Open Eyes Opinion {source: DOS]


U.S. Relations With Croatia








Fact Sheet
September 24, 2015


Bilateral relations between the United States and Croatia are very strong. The United States established diplomatic relations with Croatia in 1992 following its independence from Yugoslavia. Following Croatia’s independence, U.S. engagement aimed to support Croatia’s development as a democratic, secure, and market-oriented society and as a strong partner in Euro-Atlantic institutions, and the United States welcomed Croatia’s desire to play a positive and stabilizing role in the region. U.S. assistance has been important in enabling Croatia to become a leading partner in Southeast Europe and a model for its neighbors. Croatia’s commitment to democracy and reform led to its accession to the European Union (EU) on July 1, 2013.

Croatia has joined forces with the United States to address regional and global challenges. A North Atlantic Treaty Organization (NATO) ally since 2009, Croatia has participated in NATO operations including the International Security Assistance Force in Afghanistan, the Kosovo Force, and Operation Unified Protector in Libya, and United Nations peacekeeping missions in Lebanon, Cyprus, India and Pakistan, the Western Sahara, and the Golan Heights. Croatia’s mentoring of neighbors in NATO’s Partnership for Peace, and especially the Adriatic Charter, has helped those NATO candidates advance their membership aspirations by initiating defense reforms and contributing to Alliance operations.

U.S. Assistance to Croatia

Croatia actively supports its international commitments to prevent the proliferation of weapons of mass destruction. The United States will continue its work to strengthen Croatia’s strategic trade control system, border controls, and law enforcement mechanisms.

The U.S. Department of Defense has a robust military-to-military relationship with Croatia. The U.S. provides military assistance to Croatia in the form of training, equipment, equipment loans, and education in U.S. military schools. Croatia also has a state partnership with the Minnesota National Guard.

Bilateral Economic Relations

Croatia is a member of the EU. The U.S. economic relationship with the EU is the largest and most complex in the world, and the United States and the EU continue to pursue initiatives to create new opportunities for transatlantic commerce, recently launching the Transatlantic Trade and Investment Partnership. With Croatia’s July 2013 EU accession, U.S. companies exporting to the EU have an additional market opportunity.

Croatia is a strong democracy with a market economy, but retains significant state control or involvement in a number of industries. The Croatian Government has said it wants to strengthen economic reforms, consolidate public spending, improve the business climate, and foster economic growth. The United States and Croatia have a bilateral investment treaty and investment protection agreement.

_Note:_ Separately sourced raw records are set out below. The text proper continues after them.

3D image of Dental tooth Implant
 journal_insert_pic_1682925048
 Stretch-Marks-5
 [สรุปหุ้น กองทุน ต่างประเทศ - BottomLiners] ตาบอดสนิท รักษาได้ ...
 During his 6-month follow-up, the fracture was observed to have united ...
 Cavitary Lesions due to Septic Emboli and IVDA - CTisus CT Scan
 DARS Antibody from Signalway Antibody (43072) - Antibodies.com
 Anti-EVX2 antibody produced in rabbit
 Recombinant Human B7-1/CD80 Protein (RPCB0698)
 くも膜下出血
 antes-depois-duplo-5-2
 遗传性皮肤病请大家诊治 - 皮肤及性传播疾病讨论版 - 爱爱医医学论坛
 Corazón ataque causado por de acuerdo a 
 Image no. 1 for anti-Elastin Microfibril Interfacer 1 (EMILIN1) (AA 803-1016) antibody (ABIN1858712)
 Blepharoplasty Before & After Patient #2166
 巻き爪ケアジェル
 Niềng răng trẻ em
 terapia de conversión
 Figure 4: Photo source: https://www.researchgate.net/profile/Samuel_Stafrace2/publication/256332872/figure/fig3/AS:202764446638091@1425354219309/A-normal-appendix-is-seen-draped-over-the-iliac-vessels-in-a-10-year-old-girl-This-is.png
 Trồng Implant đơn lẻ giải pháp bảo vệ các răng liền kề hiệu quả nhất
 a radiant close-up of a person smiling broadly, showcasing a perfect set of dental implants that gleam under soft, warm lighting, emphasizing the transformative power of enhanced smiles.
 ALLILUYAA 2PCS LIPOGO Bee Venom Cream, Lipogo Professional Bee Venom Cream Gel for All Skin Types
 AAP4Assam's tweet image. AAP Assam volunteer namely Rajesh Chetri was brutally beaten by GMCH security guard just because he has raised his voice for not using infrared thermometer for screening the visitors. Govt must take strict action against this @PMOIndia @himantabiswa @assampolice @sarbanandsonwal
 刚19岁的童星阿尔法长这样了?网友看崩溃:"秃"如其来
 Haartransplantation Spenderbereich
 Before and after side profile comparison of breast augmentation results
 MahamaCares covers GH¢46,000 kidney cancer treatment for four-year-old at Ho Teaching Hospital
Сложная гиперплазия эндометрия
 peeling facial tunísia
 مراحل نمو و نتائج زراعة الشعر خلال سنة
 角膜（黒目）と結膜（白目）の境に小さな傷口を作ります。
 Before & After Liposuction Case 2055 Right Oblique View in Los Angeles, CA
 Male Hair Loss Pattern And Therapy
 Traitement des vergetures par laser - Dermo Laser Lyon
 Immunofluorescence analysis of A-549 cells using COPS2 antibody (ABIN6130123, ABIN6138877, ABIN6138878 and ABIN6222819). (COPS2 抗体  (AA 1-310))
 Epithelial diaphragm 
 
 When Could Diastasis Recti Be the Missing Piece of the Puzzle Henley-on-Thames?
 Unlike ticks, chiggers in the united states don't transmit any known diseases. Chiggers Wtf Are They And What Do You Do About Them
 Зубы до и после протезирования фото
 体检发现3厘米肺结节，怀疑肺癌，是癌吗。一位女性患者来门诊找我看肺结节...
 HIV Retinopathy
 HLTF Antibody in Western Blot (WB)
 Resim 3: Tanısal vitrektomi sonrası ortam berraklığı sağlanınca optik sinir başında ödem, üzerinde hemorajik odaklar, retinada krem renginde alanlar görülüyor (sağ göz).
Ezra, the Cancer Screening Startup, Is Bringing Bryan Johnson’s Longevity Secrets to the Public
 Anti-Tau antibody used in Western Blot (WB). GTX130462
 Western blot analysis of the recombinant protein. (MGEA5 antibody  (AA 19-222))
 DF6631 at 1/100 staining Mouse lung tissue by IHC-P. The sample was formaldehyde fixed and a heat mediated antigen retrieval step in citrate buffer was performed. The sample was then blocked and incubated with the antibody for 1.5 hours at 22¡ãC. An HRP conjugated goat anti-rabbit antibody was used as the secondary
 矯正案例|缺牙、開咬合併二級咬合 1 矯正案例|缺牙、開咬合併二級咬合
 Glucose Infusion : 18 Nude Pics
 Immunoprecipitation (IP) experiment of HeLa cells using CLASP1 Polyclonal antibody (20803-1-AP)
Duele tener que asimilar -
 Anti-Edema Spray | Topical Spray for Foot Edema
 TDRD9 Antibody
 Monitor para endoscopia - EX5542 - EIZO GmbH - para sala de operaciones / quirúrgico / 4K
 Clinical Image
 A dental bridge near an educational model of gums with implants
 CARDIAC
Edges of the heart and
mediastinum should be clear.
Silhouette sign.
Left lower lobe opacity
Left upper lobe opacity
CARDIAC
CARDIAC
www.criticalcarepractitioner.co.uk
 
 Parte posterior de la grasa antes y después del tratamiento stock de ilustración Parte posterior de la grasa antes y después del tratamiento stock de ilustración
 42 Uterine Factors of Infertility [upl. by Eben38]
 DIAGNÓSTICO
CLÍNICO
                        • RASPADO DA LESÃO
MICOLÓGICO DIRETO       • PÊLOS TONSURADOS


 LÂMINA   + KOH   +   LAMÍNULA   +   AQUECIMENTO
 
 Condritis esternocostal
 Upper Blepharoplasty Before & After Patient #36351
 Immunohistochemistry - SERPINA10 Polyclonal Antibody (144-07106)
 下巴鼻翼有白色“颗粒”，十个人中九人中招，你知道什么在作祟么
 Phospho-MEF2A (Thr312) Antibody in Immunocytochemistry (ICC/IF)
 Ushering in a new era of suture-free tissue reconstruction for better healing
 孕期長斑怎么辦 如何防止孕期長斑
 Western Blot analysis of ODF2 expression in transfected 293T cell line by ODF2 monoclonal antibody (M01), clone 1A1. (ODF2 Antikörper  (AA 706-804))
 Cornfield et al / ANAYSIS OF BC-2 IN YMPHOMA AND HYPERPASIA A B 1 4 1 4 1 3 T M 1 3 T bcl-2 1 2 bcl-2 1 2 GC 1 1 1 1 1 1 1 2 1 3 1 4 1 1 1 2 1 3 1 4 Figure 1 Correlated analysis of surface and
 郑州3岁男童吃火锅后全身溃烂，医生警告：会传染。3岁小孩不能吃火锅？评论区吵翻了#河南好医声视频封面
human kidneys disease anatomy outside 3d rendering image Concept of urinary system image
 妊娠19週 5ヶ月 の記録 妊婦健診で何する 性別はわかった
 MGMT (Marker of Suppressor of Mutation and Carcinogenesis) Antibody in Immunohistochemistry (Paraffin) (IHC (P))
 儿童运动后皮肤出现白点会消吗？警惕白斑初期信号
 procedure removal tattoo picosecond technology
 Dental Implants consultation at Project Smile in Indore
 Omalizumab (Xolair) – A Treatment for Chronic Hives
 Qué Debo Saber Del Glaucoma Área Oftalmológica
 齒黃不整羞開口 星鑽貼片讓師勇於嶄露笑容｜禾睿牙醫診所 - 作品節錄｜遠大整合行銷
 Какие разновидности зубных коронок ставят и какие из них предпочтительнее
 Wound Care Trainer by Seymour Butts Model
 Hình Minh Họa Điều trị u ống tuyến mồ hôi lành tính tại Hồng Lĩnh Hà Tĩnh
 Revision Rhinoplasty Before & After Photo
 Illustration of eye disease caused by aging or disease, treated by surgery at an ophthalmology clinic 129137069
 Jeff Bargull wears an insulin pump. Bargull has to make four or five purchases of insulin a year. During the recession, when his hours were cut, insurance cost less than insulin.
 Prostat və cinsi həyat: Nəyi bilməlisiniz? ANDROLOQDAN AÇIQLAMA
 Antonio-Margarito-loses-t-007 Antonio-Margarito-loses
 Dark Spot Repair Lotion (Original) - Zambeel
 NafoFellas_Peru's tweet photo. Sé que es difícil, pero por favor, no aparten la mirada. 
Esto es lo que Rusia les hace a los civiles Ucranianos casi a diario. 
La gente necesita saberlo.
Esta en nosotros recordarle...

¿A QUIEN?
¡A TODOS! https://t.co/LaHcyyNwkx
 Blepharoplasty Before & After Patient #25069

Croatia’s Membership in International Organizations

Croatia and the United States belong to a number of the same international organizations, including the United Nations, North Atlantic Treaty Organization, Euro-Atlantic Partnership Council, Organization for Security and Cooperation in Europe, International Monetary Fund, World Bank, and World Trade Organization. Croatia also is an observer to the Organization of American States.

Bilateral Representation

The U.S. Ambassador to Croatia is Julieta Valls Noyes; other principal embassy officials are listed in the Department’s Key Officers List.

Croatia maintains an embassy in the United States at 2343 Massachusetts Avenue NW, Washington DC, 20008-2853, tel. (202) 588-5899.



[photo credits-featured image: Dubrovnik – George Stewart – own work –]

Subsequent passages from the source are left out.